À ses yeux, cet accord, « dans la ligne des deux précédents papes, Jean-Paul II et Benoît XVI, a permis de rapprocher encore les liens entre Rome et Pékin. Cet accord qui va être renouvelé va dans le sens de l’Histoire pour intégrer l’Église de Chine dans l’universalité ». Ayant sillonné la Chine pendant des décennies, le père Charbonnier insiste sur la disparité des situations en fonction des diocèses et des paroisses où les autorités surveillent et contrôlent certains prêtres et évêques récalcitrants à rejoindre « l’Église officielle ».

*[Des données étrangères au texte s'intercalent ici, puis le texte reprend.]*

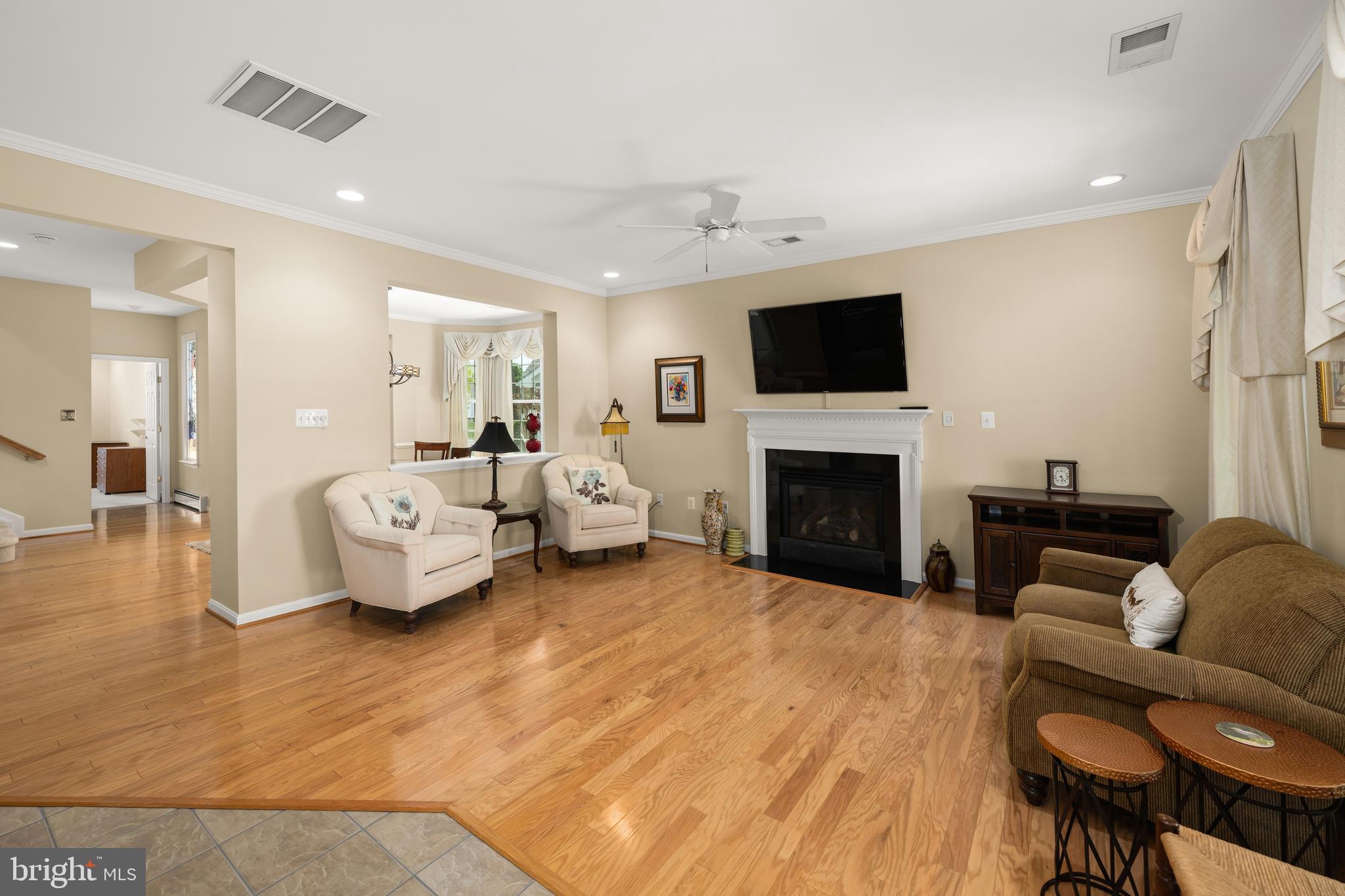 152 Widgeon Way Bridgeville, DE 19933 - Photo 4 of 37 a living room with furniture flat screen tv and a fireplace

« Ici, nous ne ressentons pas la pression politique sur notre évêque, nos prêtres, nos religieuses ou nos fidèles », assure sous couvert d’anonymat un prêtre chinois du diocèse de Xian dans la province du Shaanxi. Historiquement très engagé dans le social, le diocèse ne subit pas la répression que peuvent subir d’autres diocèses. « Nous savons naviguer entre les interdits de l’Association patriotique des catholiques chinois (APCC) avec qui nous négocions sans cesse, poursuit-il sur sa messagerie cryptée, mais c’est plus difficile dans d’autres provinces. »

Dans certaines provinces, prêtres et évêques sont arrêtés par les autorités

Début septembre, plusieurs prêtres du diocèse de Yujiang dans la province sud du Jiangxi, ont été arrêtés parce qu’ils refusaient de rejoindre l’Association patriotique, organe de contrôle politique des catholiques. Depuis deux ans, dans la province du Zhejiang, des centaines de croix sur les églises et les temples protestants ont été déboulonnées. « Depuis le mois d’août, Mgr Julius Jia, l’évêque souterrain de Zhengding dans la province du Hebei (un bastion historique de l’Église clandestine) a disparu de la circulation », dénonce une catholique de Hong Kong qui peut encore voyager en Chine clandestinement. « À mes yeux, cette pression sur les clandestins viole l’accord signé entre Rome et Pékin. Beaucoup souhaiteraient d’ailleurs qu’il ne soit plus secret afin d’en connaître la vraie substance ».

→ ANALYSE. Rencontre historique entre la Chine et le Vatican

Certes, le Vatican a levé les excommunications contre huit évêques officiels, désormais reconnus depuis septembre 2018 et six évêques clandestins ont été reconnus par Pékin et installés officiellement à la tête de leur diocèse. « Le bilan est maigre, reconnaît le P. Charbonnier, mais ça évolue. » En revanche, analyse une source religieuse chinoise autorisée, « cet accord a provoqué encore plus de tensions et de défiance que d’harmonie et d’unité ces deux dernières années, surtout dans le contexte de la politique de “sinisation” de toutes les religions menée par Xi Jinping ».